En 2018, le jeu de position des bleus avait été souvent défaillant contre l’Australie, notamment dans l’entame de match.

Les Bleus avaient éprouvé certaines difficultés à s’organiser efficacement pour éliminer la 1ère ligne de pression australienne

FR vs AUS 2018 : 7 joueurs français pour surpasser la 1ère ligne de pression du 442 australien (via footbalia)

Lors des matchs de qualification pour ce Mondial, le Japon a proposé des choses intéressantes face aux australiens, en s’organisant en 2+3 pour éliminer le 1er rideau australien et mettre en difficulté leur 442 compact.

AUS vs JAP 2022 : 2+3 des japonais pour surpasser le 1er rideau australien

Sur les images ci-dessus, on peut observer que le placement du relayeur gauche japonais (Tanaka #17) met le doute à l’ailier australien (Boyle #6), qui préfère rester à hauteur de ses milieux de terrain. Quand il sort, c’est à contretemps. Si Rabiot ou Tchouaméni viennent dans ces zones, ils y trouveront du temps pour lancer Mbappé dans la profondeur, ou simplement toucher L.Hernandez dans le dos des milieux adverses.

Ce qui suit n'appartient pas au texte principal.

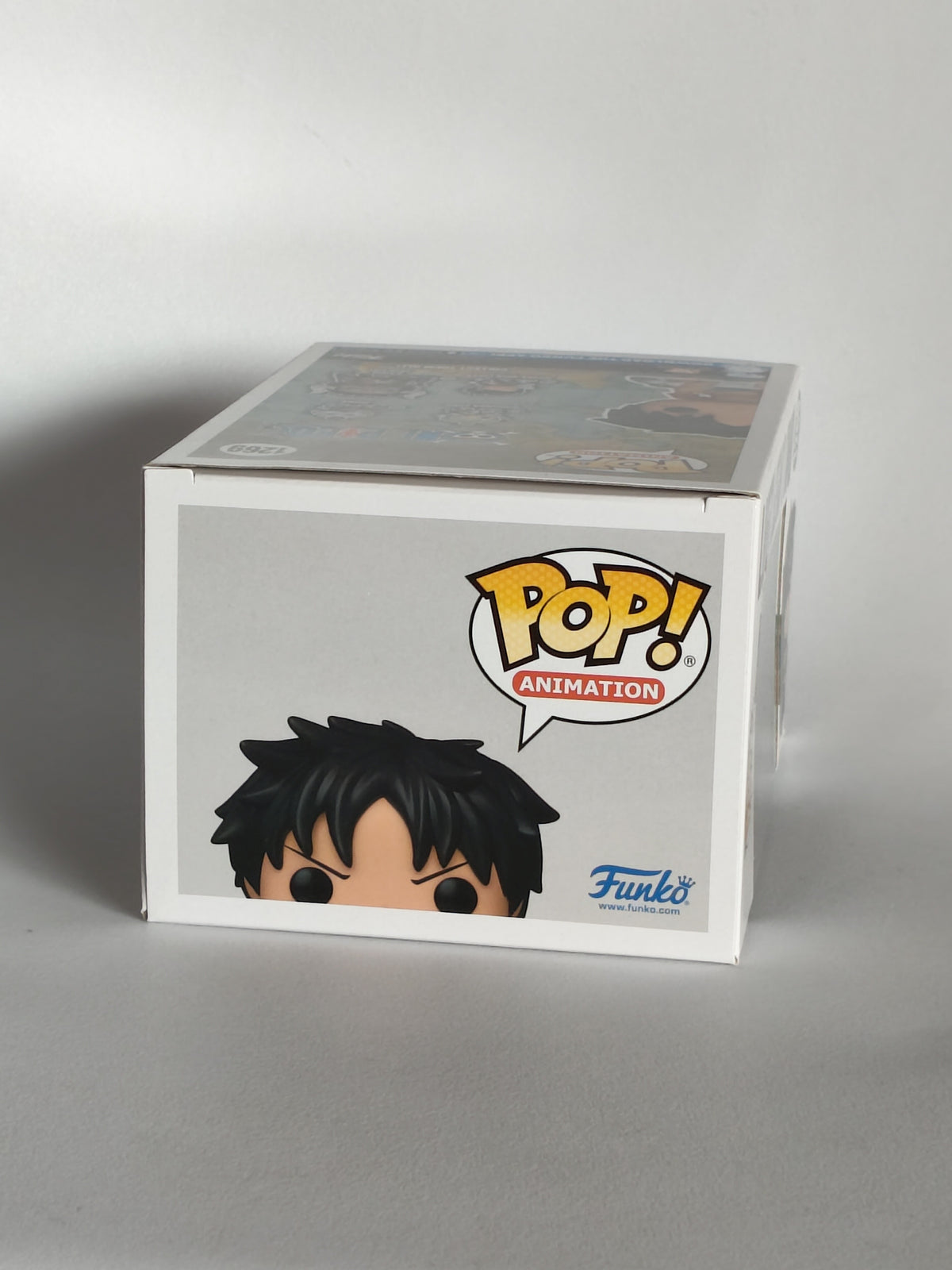 Funko Pop! One Piece: Luffy Gear Two #1269 (Haki Arm Chase / Special Edition)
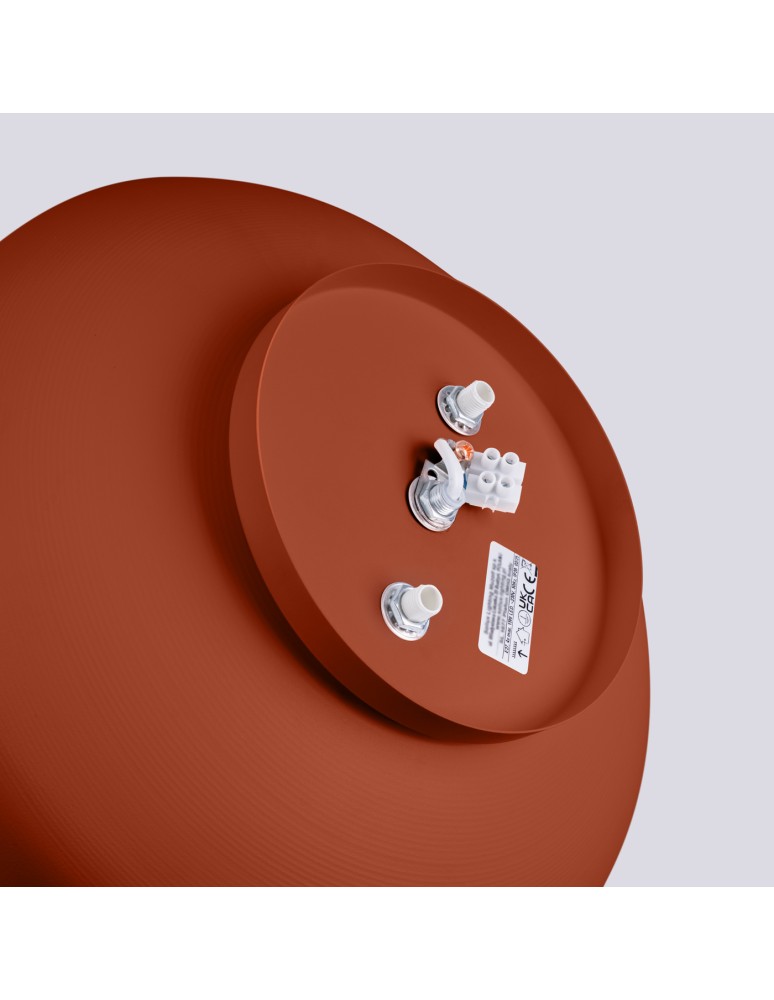 Round ceiling lamps - Sollux Plafond OMIQ ochre red SL.1681 - product kolory-swiatla.pl 6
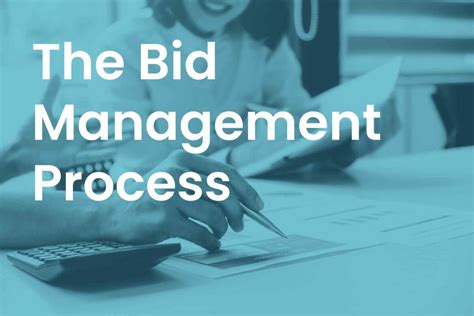 Bid Management .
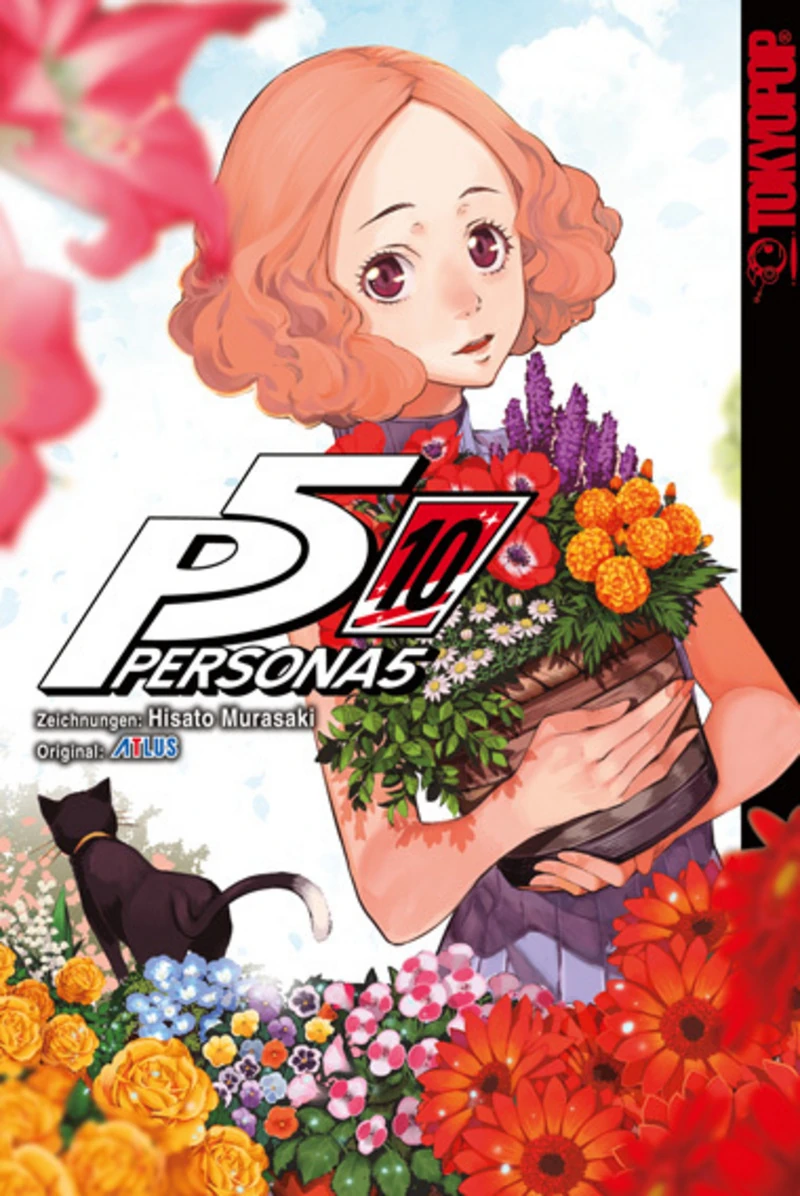 Persona 5 - Tokyopop - Band 10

Aussi visible à 41’05’’ la relation 8 → 6, qui est un circuit classique du 2+3. Rabiot pourra-t-il servir Tchouaméni libre dans le dos des 2 attaquants ? Les australiens pressent généralement en 442 Pivot. C’est-à-dire que contre un 4+1, ils doivent gérer les 2 centraux + le milieu défensif adverse en 2v3 avec toujours une présence sur le 6.

C’est parfois efficace mais c’est surtout le pressing le plus énergivore (individuellement), parmi les organisations actuellement utilisées. Si la relance des Bleus respecte quelques principes simples : défenseurs centraux larges, latéraux bas, décrochage du 6 lorsque nécessaire pour un 3v2 initial, ils devraient rapidement fatiguer les australiens et trouver des lignes de passe dans le dos de leurs attaquants à l’image à 41’05’’

Compte tenu des joueurs pressentis, il est peu probable que la France se structure en 2+3 en phase de création. Un 3+2 avec Pavard pour former la base à 3 en compagnie de Konaté et Upamecano serait plus naturel. Il laisserait Dembélé menacer le couloir droit.

L.Hernandez ne sera pas le plus à l’aise pour être touché dans le dos de la ligne de milieu australienne, mais il est suffisamment habile techniquement pour nous permettre de fixer le jeu à gauche en attendant le bon moment pour renverser vers Dembélé, en situation de 1v1.

Clé n°3 : fixer pour renverser

Face au bloc compact des australiens, les milieux devront proposer des relais à l’intérieur  au porteur, afin de pouvoir renverser le plus rapidement possible le jeu et trouver des  situations de 1c1, voir de 2c1 à l’opposé. Les joueurs d’interligne devront proposer des courses dans la profondeur, afin de fixer les latéraux australiens.

Par exemple, l’utilisation du jeu long de Tchouaméni, pour renverser vers Dembélé, isolé à l’opposé, serait une option intéressante. Contre le 442 de Leipzig c’est une arme que le madrilène avait déjà déployé.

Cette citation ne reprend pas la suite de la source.